Version tested: Xbox 360
"Remember, no Russian." When the dust settled, Modern Warfare 2 took as much of a shoeing from critics as it did from politicians for its controversial terrorist smashup in an airport terminal, but while Call of Duty: Black Ops has the potential to cause even more offence blending real and fictional events during the Cold War, even impersonating JFK and Robert McNamara to add gravitas the closest it comes is during a pre-credits cut-scene revelation that is more "gotcha!" than grisly.
Instead, finally freed from the shadow of Infinity Ward (albeit by something of a PR mushroom cloud), Treyarch takes us back to the sixties for the birth of the US Special Forces.

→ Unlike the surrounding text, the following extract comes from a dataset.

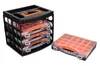 A set of stackable storage organizers with clear lids and orange trays, alongside one organizer box. Produktbild-Vorschau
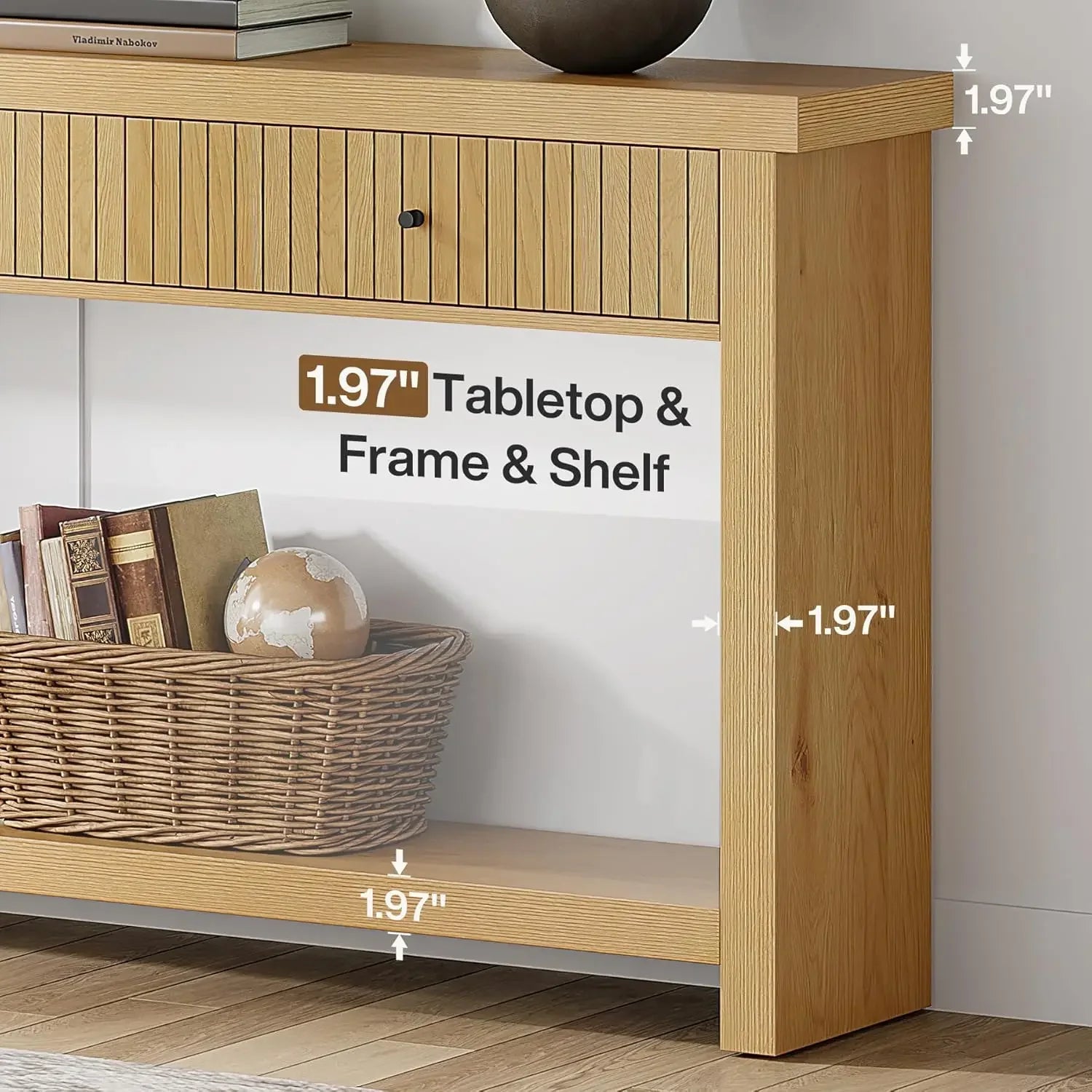 Wood Console Table with Drawers, Long Entryway Table, 70.9 inch Sofa Table Oak Furniture with Open Storage Shelves Wooden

The action jumps between a few characters, but the story is about Alex Mason, a CIA operative who ended up in a Russian labour camp following the Bay of Pigs fiasco, which saw him captured and handed over to villainous bad guy Nikita Dragovich by Fidel Castro.
At the start of the game, Mason wakes up strapped to a chair being tortured by unknown silhouettes hiding behind frosted glass windows, and through this interrogation you relive various chapters of his adventures and those of his handler, sunglasses-loving iceman Jason Hudson, who is voiced well by a throaty Ed Harris. Mason's recollections take you through Cuba and his pivotal spell in prison, to a Russian space centre and all over East Asia as you hunt Dragovich while the game reveals his ghastly plan.
We may be deep behind enemy lines, but the scriptwriters do their best to leave no clichι behind as we leap from moving trucks to speeding trains, float down jungle rivers listening to the Stones and stealthily infiltrate mountainside communication outposts. There isn't much character to latch onto in Mason, Hudson and company, and occasionally the game is so blatant about lifting things from spy stories and Vietnam films that you develop your own thousand-yard stare. Still, at least you understand who everyone is this time, and the final reveal is confident enough even though you see it coming, the writers can't help ramming it home five times in a row, and it's been done before on numerous occasions.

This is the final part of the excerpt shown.